The task is to find the words in the Irony corpus that are not in the GloVe Word list

In [6]:
def get_oovs(vocab_path: str, word2i: Dict[str, int]) -> List[str]:
    """Find the vocab items that do not exist in the glove embeddings (in word2i).
    Return the List of such (unique) words.

    Args:
        vocab_path: List of batches of sentences.
        word2i (Dict[str, int]): _description_

    Returns:
        List[str]: _description_
    """
    with open(vocab_path, encoding='utf8') as vf:
        vocab = set([w.strip() for w in vf.readlines()])
    
    glove_and_vocab = set(word2i.keys())
    vocab_and_not_glove = vocab - glove_and_vocab
    return list(vocab_and_not_glove)

### Task 4: Update the embeddings with oov words (3 Points)

In [7]:
from torch.nn.init import xavier_uniform_

def intialize_new_embedding_weights(num_embeddings: int, dim: int) -> torch.FloatTensor:
    """xavier initialization for the embeddings of words in train, but not in gLove.

    Args:
        num_embeddings (int): _description_
        dim (int): _description_

    Returns:
        torch.FloatTensor: _description_
    """
    # TODO: Initialize a num_embeddings x dim matrix with xiavier initiialization
    #      That is, a normal distribution with mean 0 and standard deviation of dim^-0.5
    weights = torch.FloatTensor(num_embeddings, dim).normal_()
    xavier_uniform_(weights)
    return weights


def update_embeddings(
    glove_word2i: Dict[str, int],
    glove_embeddings: torch.FloatTensor,
    oovs: List[str]
) -> Tuple[Dict[str, int], torch.FloatTensor]:
    # TODO: Add the oov words to the dict, assigning a new index to each

    # TODO: Concatenate a new row to embeddings for each oov
    #       initialize those new rows with `intialize_new_embedding_weights`

    # TODO: Return the tuple of the dictionary and the new embeddings matrix
    new_word2i = {word: i + len(glove_word2i) for i, word in enumerate(oovs)}
    glove_word2i.update(new_word2i)

    oov_embeddings = intialize_new_embedding_weights(len(oovs), dim=glove_embeddings.size(1))
    new_embeddings = torch.cat((glove_embeddings, oov_embeddings), dim=0)
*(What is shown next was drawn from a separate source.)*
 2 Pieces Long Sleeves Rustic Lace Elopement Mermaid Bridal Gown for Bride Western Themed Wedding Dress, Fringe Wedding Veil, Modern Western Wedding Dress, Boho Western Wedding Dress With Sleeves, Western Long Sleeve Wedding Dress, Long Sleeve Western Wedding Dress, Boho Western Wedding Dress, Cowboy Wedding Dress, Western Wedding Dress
    return glove_word2i, new_embeddings

In [8]:
def make_batches(sequences: List[str], batch_size: int) -> List[List[str]]:
    """Yield batch_size chunks from sequences."""
    # TODO
    batches = []
    current_batch = []

    for sequence in sequences:
        current_batch.append(sequence)

        if len(current_batch) == batch_size:
            batches.append(current_batch)
            current_batch = []

    if current_batch:
        batches.append(current_batch)

    return batches

def make_label_batches(labels: List[int], batch_size: int) -> List[List[int]]:
    """Yield batch_size chunks from labels."""
    batches = []
    current_batch = []

    for label in labels:
        current_batch.append(label)
        if len(current_batch) == batch_size:
            batches.append(current_batch)
            current_batch = []

    if current_batch:
        batches.append(current_batch)

    return batches


# TODO: Set your preferred batch size
batch_size = 8
tokenizer = Tokenizer()

# We make batches now and use those.
batch_tokenized = []
batch_labels=make_label_batches(train_labels, batch_size)
# Note: Labels need to be batched in the same way to ensure
# We have train sentence and label batches lining up.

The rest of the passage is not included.